Another format they produce are "Cultural Combat" debates, in which two cultural figures are pitted against each other. These began in 2013 with "Verdi vs. Wagner", which was staged at London’s Royal Opera House with a sixty-piece live orchestra, Stephen Fry in the chair, and John Tomlinson singing Wotan.

Debate topics include foreign policy, religion, history, social policy, politics, economics, science, technology, art, culture, and the environment.

==Intelligence Squared U.S.==

Intelligence Squared U.S. Debates was established in the United States in 2006 as a nonpartisan, nonprofit institution with a mission to "raise the level of public discourse" in America.

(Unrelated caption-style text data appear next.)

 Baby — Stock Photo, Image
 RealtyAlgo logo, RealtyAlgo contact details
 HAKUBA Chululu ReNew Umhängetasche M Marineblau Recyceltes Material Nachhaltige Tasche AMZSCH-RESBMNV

An award-winning national radio program, podcast, television show, and digital platform, Intelligence Squared U.S. has produced more than 200 live debates since 2006 and made history by hosting the first debate ever between an artificial intelligence and a human being, in partnership with IBM's "Project Debater”. Intelligence Squared U.S. is often referred to as IQ2US.

Intelligence Squared U.S. episodes have been broadcast on NPR since 2007, in addition to Bloomberg Television, BBC, PBS, Newsy, C-SPAN, and education streaming platform Wondrium.

==Podcast and video==
All Intelligence Squared events are recorded and released on the company’s YouTube channel and as part of a weekly podcast series. The company also records podcasts with authors and other intellectuals.

==Television==
Intelligence Squared debates have also been broadcast globally on BBC World.

==Partnerships==
Intelligence Squared has partnered with The New York Times, Google, and Vanity Fair.

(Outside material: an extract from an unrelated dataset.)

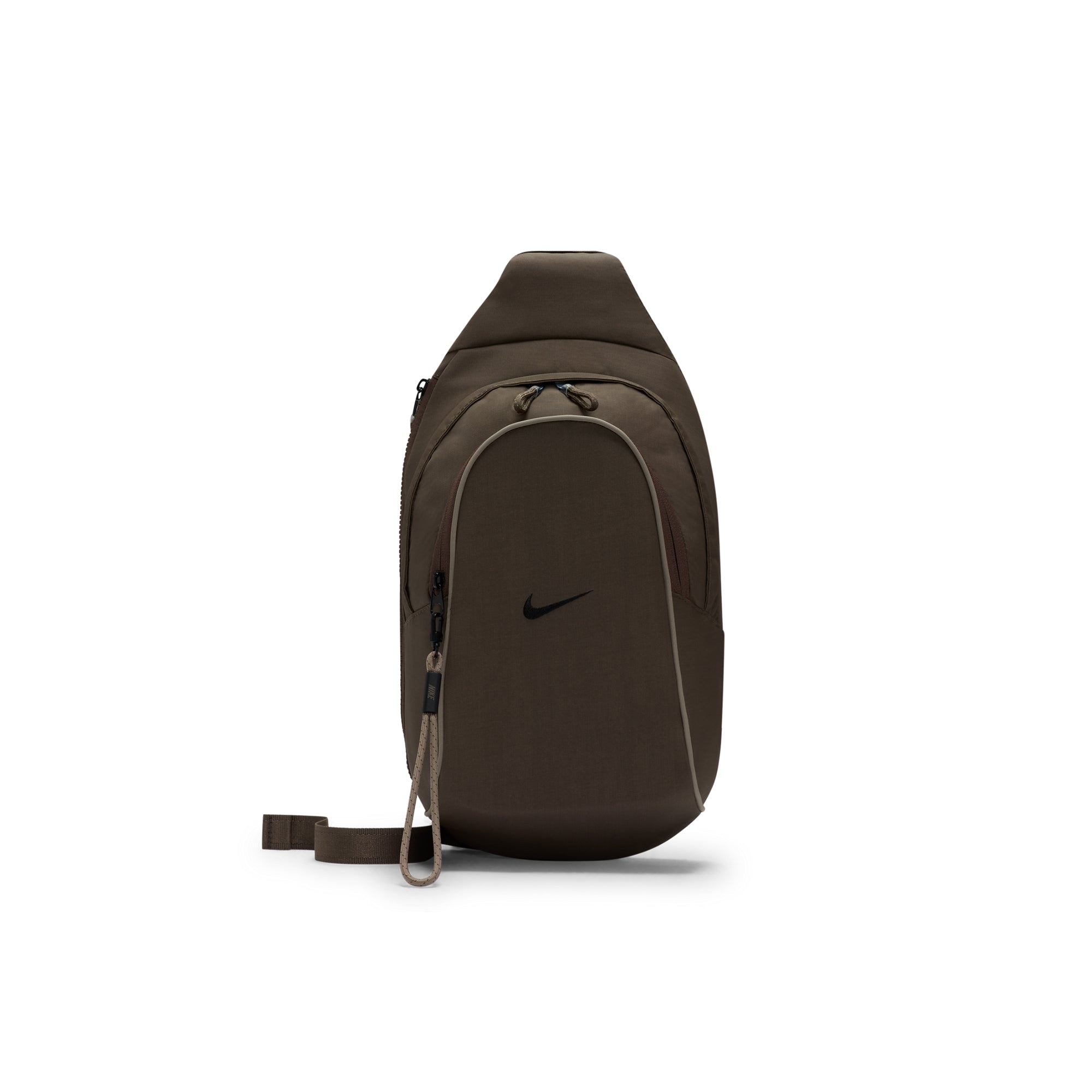 Nike Sportswear Sling Bag 'Ironstone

The first Intelligence Squared and Google VERSUS debate series held its first debate, titled "It's Time to End the War on Drugs", on 13 March 2012. Intelligence Squared has also staged events in partnership with Shell on topics related to climate change and sustainable energy use. Other partnerships include The National Trust, Wellington College, Abbey Road Studios, Baker McKenzie in New York City, Investec, Christie's, the World Health Organization in New York, the United Nations in Geneva, and the University of Chicago.